Auch mit der Orchideen-Wilderei beschäftigte sich die Journalistin – in einem Naturschutzgebiet in Süddeutschland wurden 2019 3000 Orchideen gestohlen. Sie besuchte einen beteiligten Polizisten und sprach mit ihm über den Tatbestand.Alle Orchideenarten stehen auf der Liste des Washingtoner Artenschutzübereinkommens (CITES). So dürfen sie nicht einfach ausgerissen und über Landesgrenzen gebracht werden. Im Fall von Süddeutschland stellte sich schliesslich heraus, dass Wildschweine die Orchideen ausgegraben und gefressen hatten. 

Ihre Reise führte sie ausserdem nach Rust in Deutschland, in die Heimat des Europaparks. Doch statt Achterbahn zu fahren, besuchte sie nach dem ersten Lockdown 2021 das Naturschutzgebiet direkt am Park. Die Autorin machte dort mit einem Naturschützer eine Bootsfahrt und betrachtete im Sonnenschein die blühenden Orchideen. «Eine Idylle direkt neben dem Europapark», schildert sie beeindruckt.    
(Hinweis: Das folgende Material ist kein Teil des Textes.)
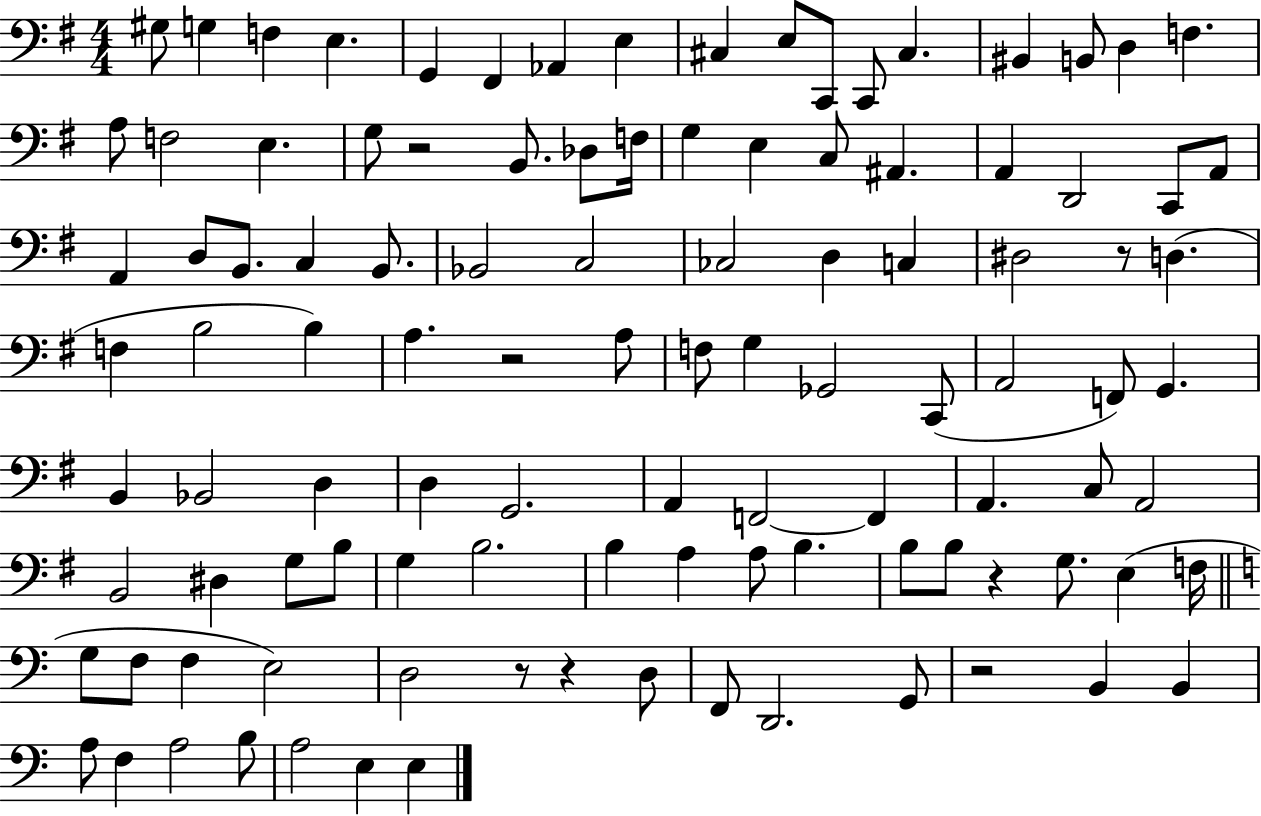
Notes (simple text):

G#3/e G3/q F3/q E3/q. G2/q F#2/q Ab2/q E3/q C#3/q E3/e C2/e C2/e C#3/q. BIS2/q B2/e D3/q F3/q. A3/e F3/h E3/q. G3/e R/h B2/e. Db3/e F3/s G3/q E3/q C3/e A#2/q. A2/q D2/h C2/e A2/e A2/q D3/e B2/e. C3/q B2/e. Bb2/h C3/h CES3/h D3/q C3/q D#3/h R/e D3/q. F3/q B3/h B3/q A3/q. R/h A3/e F3/e G3/q Gb2/h C2/e A2/h F2/e G2/q. B2/q Bb2/h D3/q D3/q G2/h. A2/q F2/h F2/q A2/q. C3/e A2/h B2/h D#3/q G3/e B3/e G3/q B3/h. B3/q A3/q A3/e B3/q. B3/e B3/e R/q G3/e. E3/q F3/s G3/e F3/e F3/q E3/h D3/h R/e R/q D3/e F2/e D2/h. G2/e R/h B2/q B2/q A3/e F3/q A3/h B3/e A3/h E3/q E3/q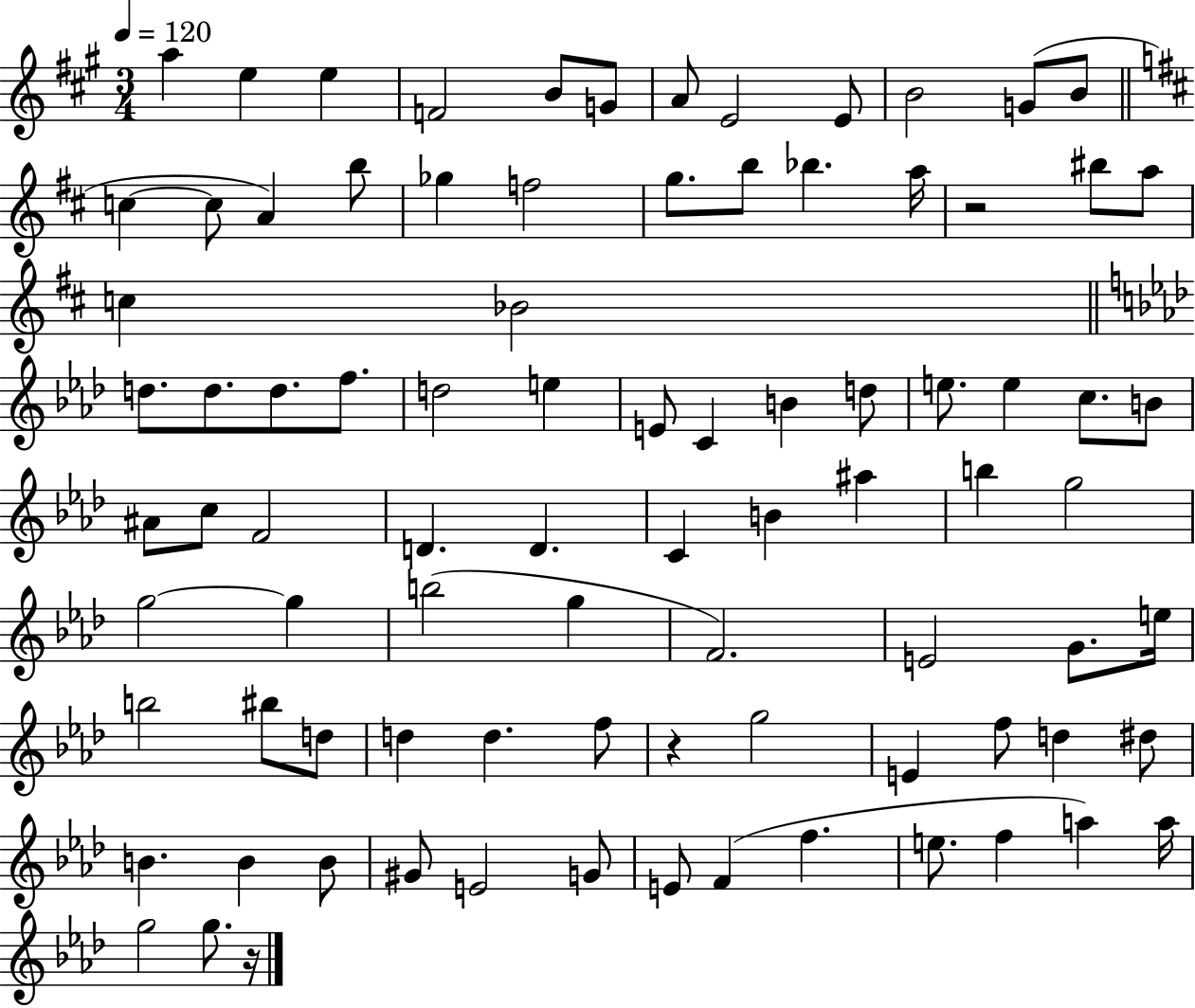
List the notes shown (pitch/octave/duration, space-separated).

A5/q E5/q E5/q F4/h B4/e G4/e A4/e E4/h E4/e B4/h G4/e B4/e C5/q C5/e A4/q B5/e Gb5/q F5/h G5/e. B5/e Bb5/q. A5/s R/h BIS5/e A5/e C5/q Bb4/h D5/e. D5/e. D5/e. F5/e. D5/h E5/q E4/e C4/q B4/q D5/e E5/e. E5/q C5/e. B4/e A#4/e C5/e F4/h D4/q. D4/q. C4/q B4/q A#5/q B5/q G5/h G5/h G5/q B5/h G5/q F4/h. E4/h G4/e. E5/s B5/h BIS5/e D5/e D5/q D5/q. F5/e R/q G5/h E4/q F5/e D5/q D#5/e B4/q. B4/q B4/e G#4/e E4/h G4/e E4/e F4/q F5/q. E5/e. F5/q A5/q A5/s G5/h G5/e. R/s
Die Menschen hinter den Pflanzen  

Doch nicht nur Orte, auch Menschen sind Noemi Harnickell in Erinnerung geblieben. So besuchte sie im Kanton Thurgau den Orchideenzüchter Roland Amsler, der ihr viel Fachwissen über diese Pflanzenfamilie vermittelte. Daraus resultierte ihre Reportage mit Geschichtswissen und Fakten über Orchideen. «Die durchschnittliche Blattgrösse einer Orchidee liegt bei einem Zentimeter. Jede Orchidee, die ich bisher gesehen habe, hat weit grössere Blätter. Das gibt Auskunft über unser Zucht- und Einkaufsverhalten», gibt Harnickell ein Beispiel. Offenbar werden von KonsumentInnen grossblättrige Orchideen bevorzugt, weshalb diese Blumen auf dem Markt dominieren, obwohl sie nicht dem natürlichen Durchschnitt entsprechen.   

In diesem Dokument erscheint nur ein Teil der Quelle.